▶ Assignment: Scan the listing for the word "Yellow", and copy out each line where it is found.
Start of Block
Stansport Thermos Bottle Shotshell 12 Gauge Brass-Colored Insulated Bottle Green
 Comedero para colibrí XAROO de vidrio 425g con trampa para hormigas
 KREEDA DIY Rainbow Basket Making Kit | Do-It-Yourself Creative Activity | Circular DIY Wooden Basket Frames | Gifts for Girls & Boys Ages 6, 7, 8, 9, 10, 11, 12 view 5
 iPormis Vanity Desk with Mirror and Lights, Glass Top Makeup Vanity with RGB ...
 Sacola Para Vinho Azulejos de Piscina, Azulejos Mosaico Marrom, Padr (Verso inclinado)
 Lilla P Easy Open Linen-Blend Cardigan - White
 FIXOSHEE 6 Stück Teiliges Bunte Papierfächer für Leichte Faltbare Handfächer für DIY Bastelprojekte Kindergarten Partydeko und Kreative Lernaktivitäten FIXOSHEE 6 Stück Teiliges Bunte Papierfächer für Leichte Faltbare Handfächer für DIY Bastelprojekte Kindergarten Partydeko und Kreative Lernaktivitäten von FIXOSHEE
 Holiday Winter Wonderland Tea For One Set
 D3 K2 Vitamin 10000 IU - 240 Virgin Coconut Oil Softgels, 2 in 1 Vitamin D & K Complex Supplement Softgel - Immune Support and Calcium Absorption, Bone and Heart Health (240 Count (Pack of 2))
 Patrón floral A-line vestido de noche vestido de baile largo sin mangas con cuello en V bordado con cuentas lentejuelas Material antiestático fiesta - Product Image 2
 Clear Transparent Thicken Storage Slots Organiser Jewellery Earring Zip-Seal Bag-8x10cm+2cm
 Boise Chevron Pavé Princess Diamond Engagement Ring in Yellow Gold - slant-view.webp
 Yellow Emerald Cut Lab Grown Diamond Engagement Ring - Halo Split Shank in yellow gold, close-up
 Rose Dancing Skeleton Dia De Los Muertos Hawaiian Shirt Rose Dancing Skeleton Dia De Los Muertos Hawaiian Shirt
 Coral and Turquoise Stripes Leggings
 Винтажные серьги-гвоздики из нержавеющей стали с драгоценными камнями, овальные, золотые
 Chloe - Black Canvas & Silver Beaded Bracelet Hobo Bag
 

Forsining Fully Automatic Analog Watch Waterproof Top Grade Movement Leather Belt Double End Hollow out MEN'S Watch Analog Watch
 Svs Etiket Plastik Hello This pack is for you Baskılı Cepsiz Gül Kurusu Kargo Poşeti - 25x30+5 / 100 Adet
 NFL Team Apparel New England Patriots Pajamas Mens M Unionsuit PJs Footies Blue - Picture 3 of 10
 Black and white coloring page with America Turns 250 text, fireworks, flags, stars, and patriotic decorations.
End of Block
▶ Finished task:
 Boise Chevron Pavé Princess Diamond Engagement Ring in Yellow Gold - slant-view.webp
 Yellow Emerald Cut Lab Grown Diamond Engagement Ring - Halo Split Shank in yellow gold, close-up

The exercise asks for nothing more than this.